* What is expected *
Please restate each entry word for word and leave the pictures out.
════════════════════
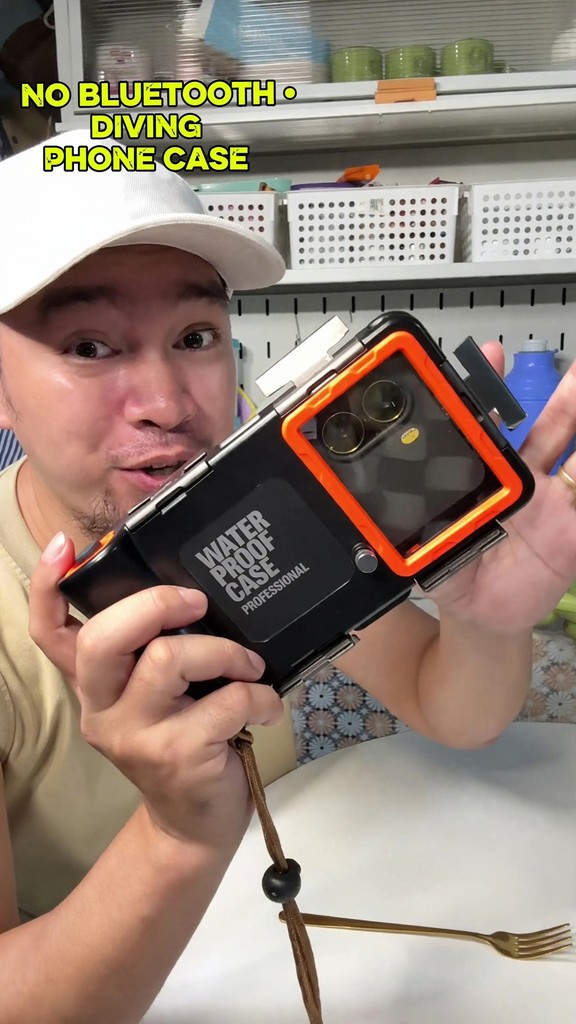 Universal Waterproof Diving Phone Case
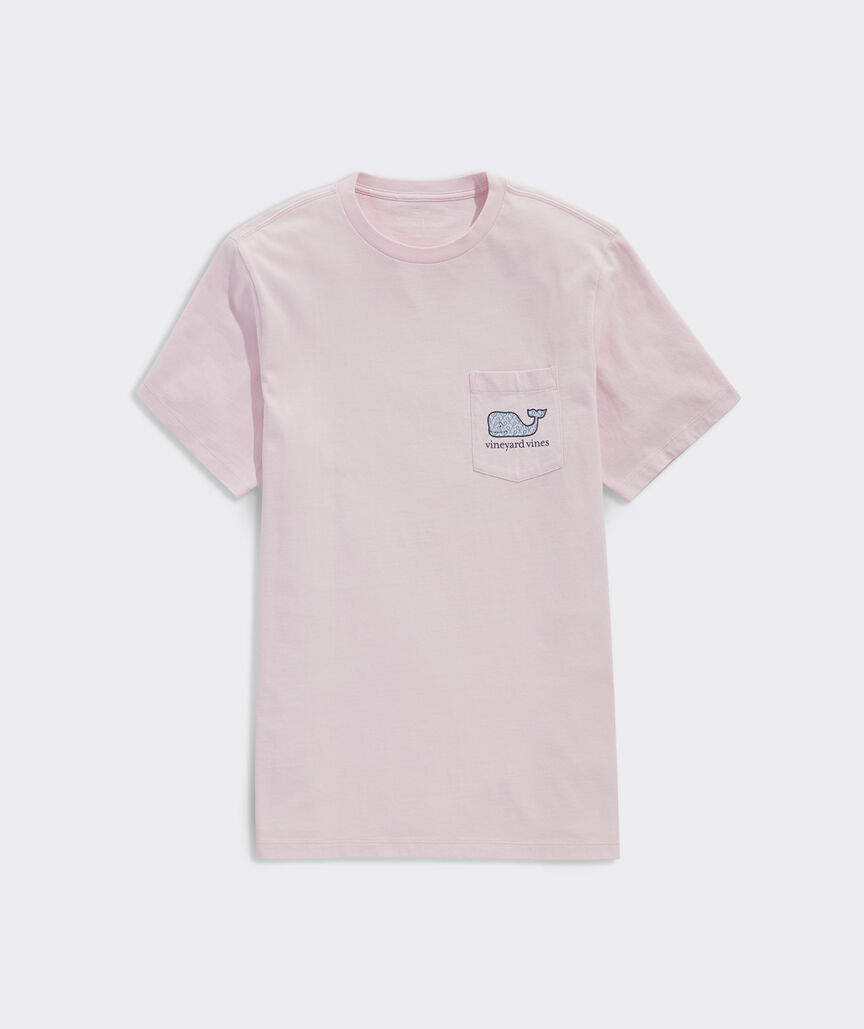 Lacrosse Whale Short-Sleeve Pocket Tee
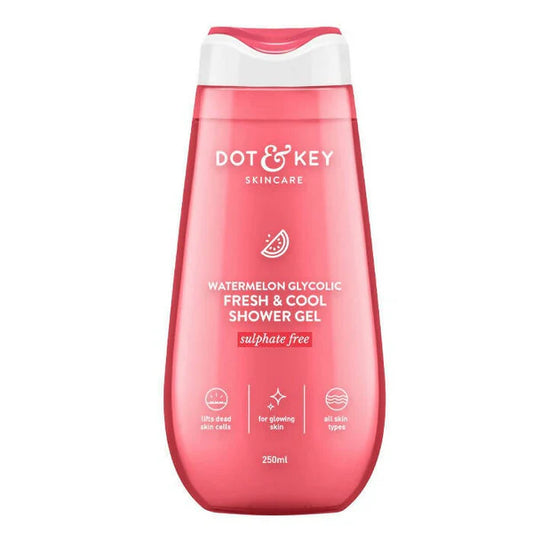 Dot & Key Watermelon Glycolic Fresh & Cool Shower Gel - 250 ml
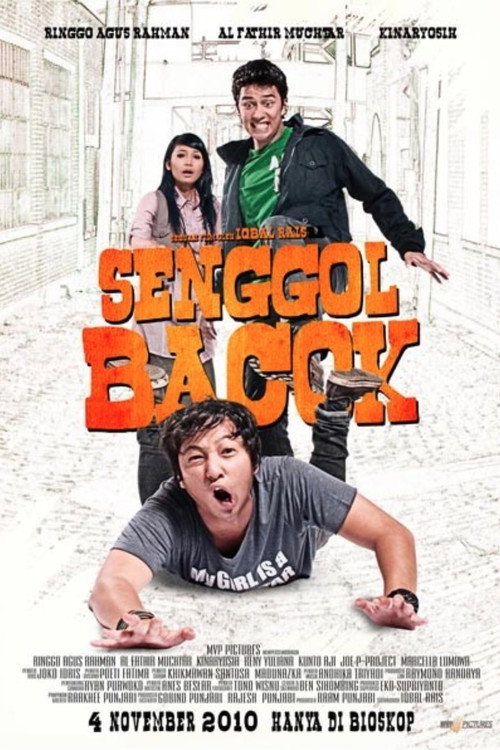 Movie poster for Senggol Bacok (2010)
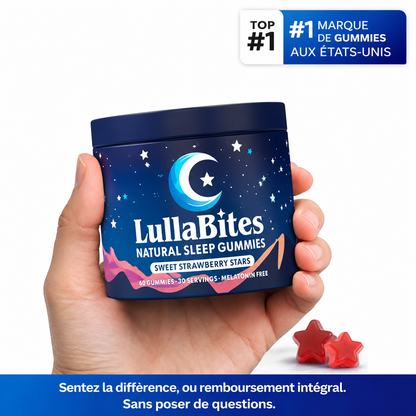 LullaBites Gummies™ - Gummies pour le Sommeil
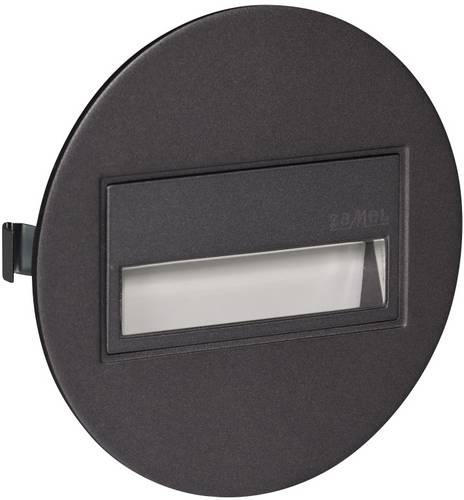 Zamel 13-211-32 Sona LED-Wandeinbauleuchte LED 0.42W Graphit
════════════════════
* Answer *
 Universal Waterproof Diving Phone Case
 Lacrosse Whale Short-Sleeve Pocket Tee
 Dot & Key Watermelon Glycolic Fresh & Cool Shower Gel - 250 ml
 Movie poster for Senggol Bacok (2010)
 LullaBites Gummies™ - Gummies pour le Sommeil
 Zamel 13-211-32 Sona LED-Wandeinbauleuchte LED 0.42W Graphit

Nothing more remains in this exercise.